Afera o uszkodzoną sadzonkę za złotówkę
- Faktycznie, bywało, że przejeżdżałem traktorem drogą polną koło działki sąsiada, gdzie wiosną zasadził on około dwadzieścia sadzonek drzewek. Jednak nie przypominam sobie, żebym tego dnia zniszczył jakąkolwiek sadzonkę modrzewia. Gdyby tak było, to pozostałyby tam ślady opon ciągnika, a nic takiego tam nie było widać - zarzeka się pan Stanisław.

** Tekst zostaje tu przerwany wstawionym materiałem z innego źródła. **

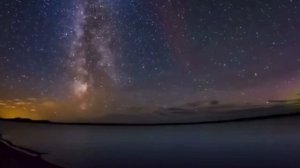 Уникальный таймлапс, где в одном кадре уместился Млечный путь и северное сияние
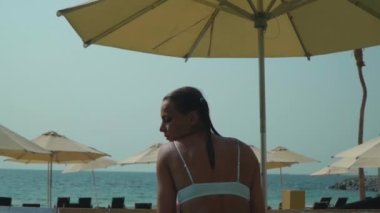 Havuzda bikinili beyaz kız.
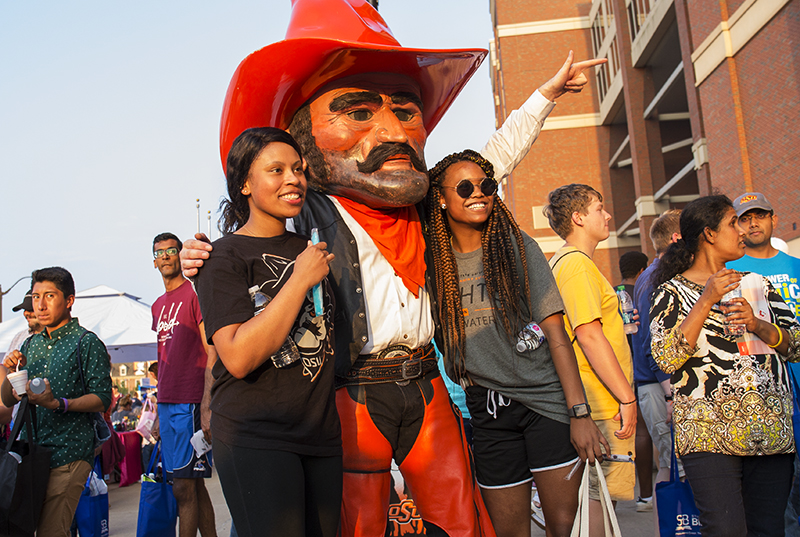 Students pose with Pistol Pete at Lights on Stillwater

- Jeśli wiedziałbym, że mój sąsiad złoży doniesienie na policji, to dla świętego spokoju rzuciłbym mu nawet 10 zł, żeby dał sobie spokój, nawet pomimo tego, że wartość szkody została oszacowana na symboliczną złotówkę - mówi. - A tymczasem rozpętała się wielka afera, tak jakbym bank okradł albo na kogoś napadł. Na miejsce zdarzenia przyjechał radiowóz, policjanci z Dukli dokonali oględzin, spisali protokół i odjechali. A sprawa znalazła swój finał w sądzie...
Takie są procedury
Sąd Rejonowy w Krośnie II Wydział Karny 2 czerwca tego roku wydał wyrok nakazowy w tej sprawie. Uznał obwinionego Stanisława Kozielca za winnego popełnienia zarzucanego mu czynu i skazał go na karę nagany, jednocześnie zwolnił go z obowiązku uiszczenia kosztów sądowych w całości. - Nie zgadzam się z tym wyrokiem, gdyż nie czuję się winny dlatego wniosłem sprzeciw do sądu - mówi Stanisław Kozielec.
Jak tłumaczą prawnicy, procedury sądowe obowiązują wszystkich. - Dlatego, jeśli policja skieruje wniosek o ukaranie za wykroczenie, to sądowi nie pozostaje nic innego jak rozpoznać sprawę niezależnie od wartości przedmiotu sporu. Inną kwestią jest to, czy w danym przypadku wymierzenie kary jest zasadne czy też nie. Oczywiście sąd może odstąpić od ukarania obwinionego - mówi nam sędzia Artur Lipiński, rzecznik prasowy Sądu Okręgowego w Krośnie.
Komentarz:
Sędzia Artur Lipiński, rzecznik prasowy Sądu Okręgowego w Krośnie:
"Tego typu drobnych spraw, które trafiają na wokandę sądu, a mogą dziwić, jest bardzo mało, jednak się zdarzają. Skoro zgłoszono popełnienie wykroczenia, to sędziowie muszą rozstrzygać sprawę zgodnie z procedurą w sprawach o wykroczenia. Po prostu nie ma innego wyjścia".